Gott wirkte hier ausgerechnet durch die Pflichtlektüre. Die Novizen mußten die Ordensregeln und die Bibel wieder und wieder lesen. Vor der Priesterweihe mußte er einen dicken Folianten[2] durcharbeiten, in dem die Meßliturgie erklärt wurde, außerdem mußten die Sentenzen des Petrus Lombardus – das Grundbuch der scholastischen Theologie – gründlich studiert werden, und Luther konnte noch in späteren Jahren auswendig die Kommentare dazu zitieren.[3]

Ausdrücklich war bestimmt, daß die Bibel begierig gelesen, fromm gehört und sich brennend angeeignet werden sollte. Das, liebe Freunde, war der Zünder, das war die stete Zufuhr, die Luther zu einem ungeheuren Vulkan machte!

Mit dem Ablegen der Gelübde und mit dem Einhalten all der Klosterregeln hoffte Luther, Gott näher zu kommen. Nach der gängigen Anschauung wird der Mönch durch die Klostergelübde in den Stand der Gnade versetzt. Freilich, so stabil war der Zustand nicht. Luthers sensibles Gewissen meldete ständig, er habe den neuen Gnadenstand durch mangelhafte Demut, unreine Gedanken usw. wieder verloren. Er versuchte, häufig zu beichten und die Stundengebete penibel einzuhalten, um sich das Heil zu sichern. Einmal hat er eine sechsstündige Beichte abgelegt. Es kam auf Vollständigkeit an! Sowie einem eine Sünde einfiel, lief man zurück zum Priester. „Wir machten die Beichtväter müde“, schreibt er später.[4] Auch von Staupitz, einer seiner erfahrenen Beichtväter, konnte Luther keinen Trost mehr empfangen.
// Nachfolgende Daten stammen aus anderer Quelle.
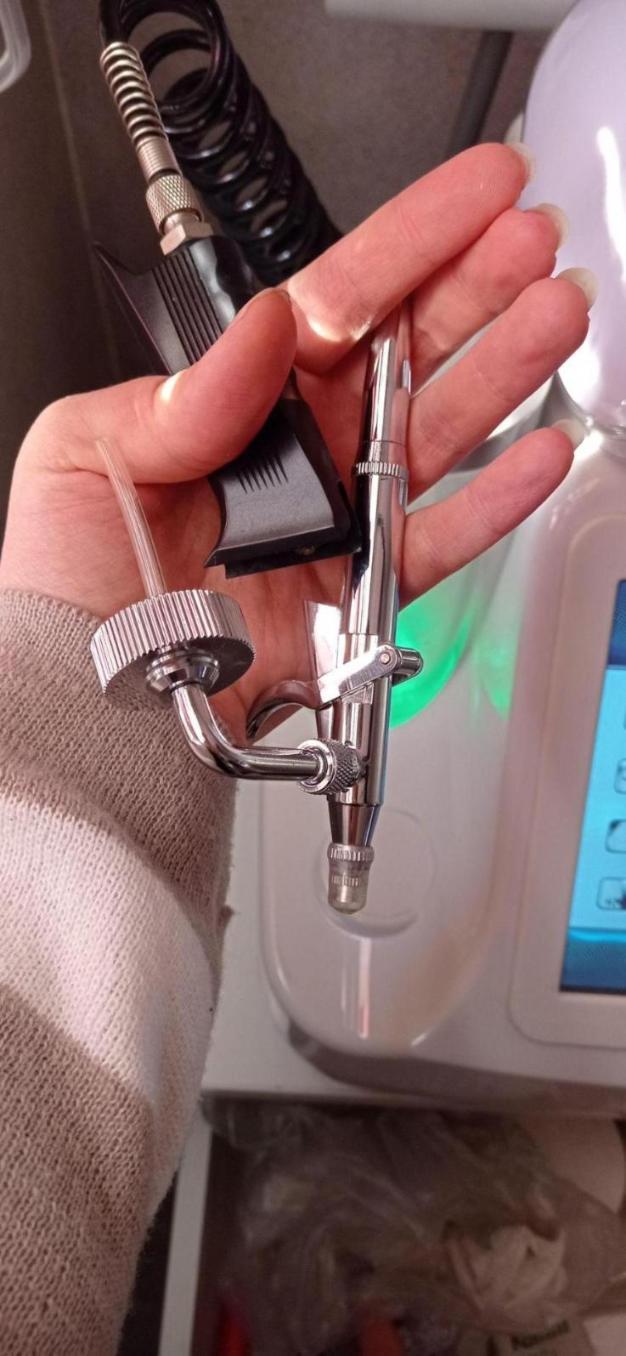 دستگاه اکوفشیال ۸کاره clinدست دو/مدینیوم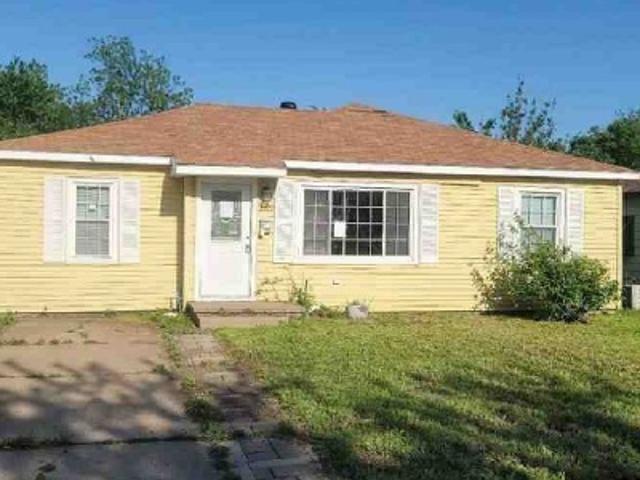 House for sale in Ponca City, Oklahoma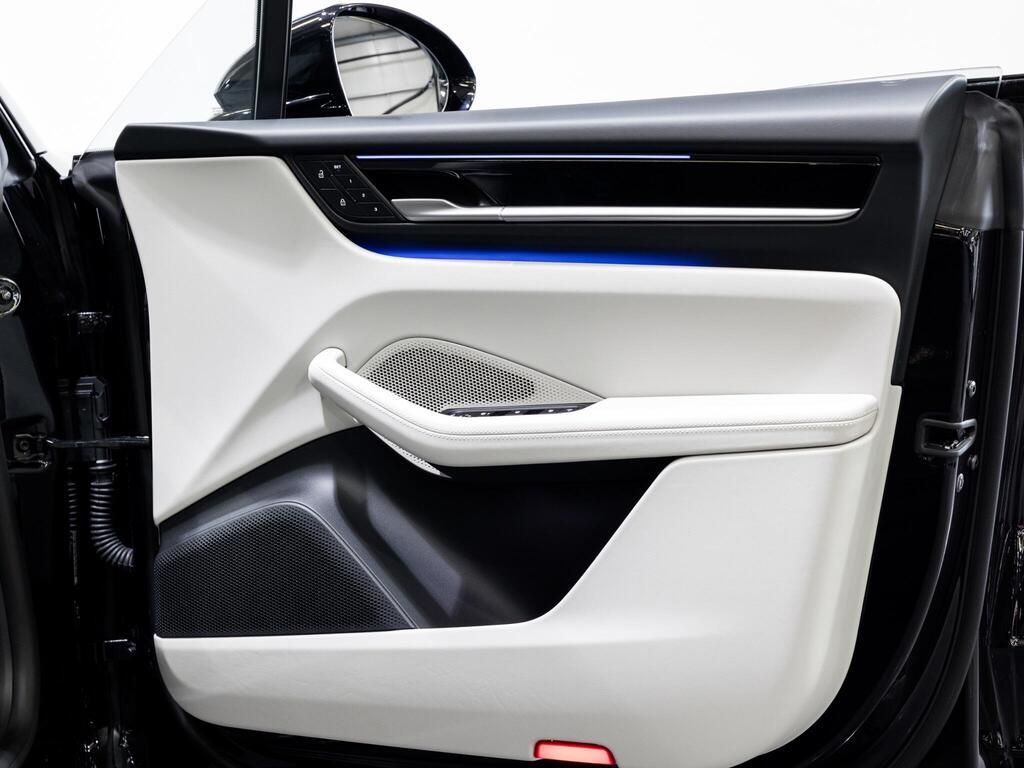 An interior shot of the door interior on a 2025 Porsche Macan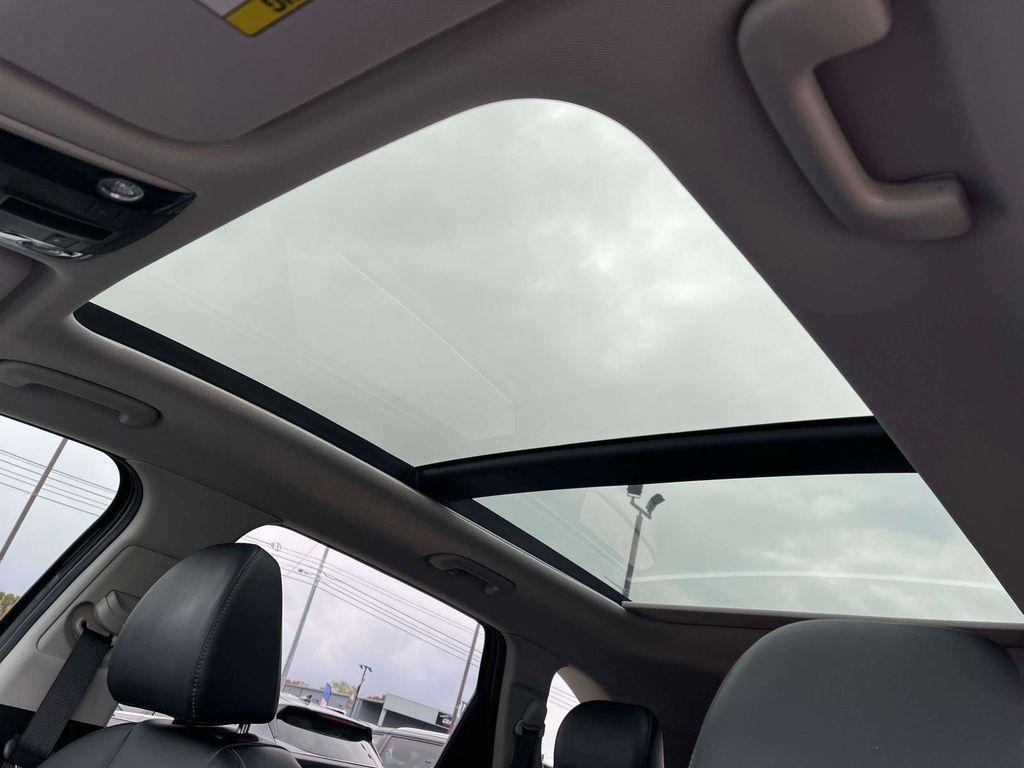 used 2025 Kia Sorento car, priced at $31,489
Bald konnte er die Psalmen, die die Augustiner jede Woche komplett durchbeteten, auswendig, so daß er einen ungeheuren Schatz für Gebet und Theologie mit sich tragen konnte. Aber er merkte, es fehlt beim Beten die Gewißheit des Herzens, es fehlt das getroste Amen. Wenn Beten aber Leistung ist, wer kann dann schon sagen, ob diese Leistung einen zornigen Gott versöhnen kann?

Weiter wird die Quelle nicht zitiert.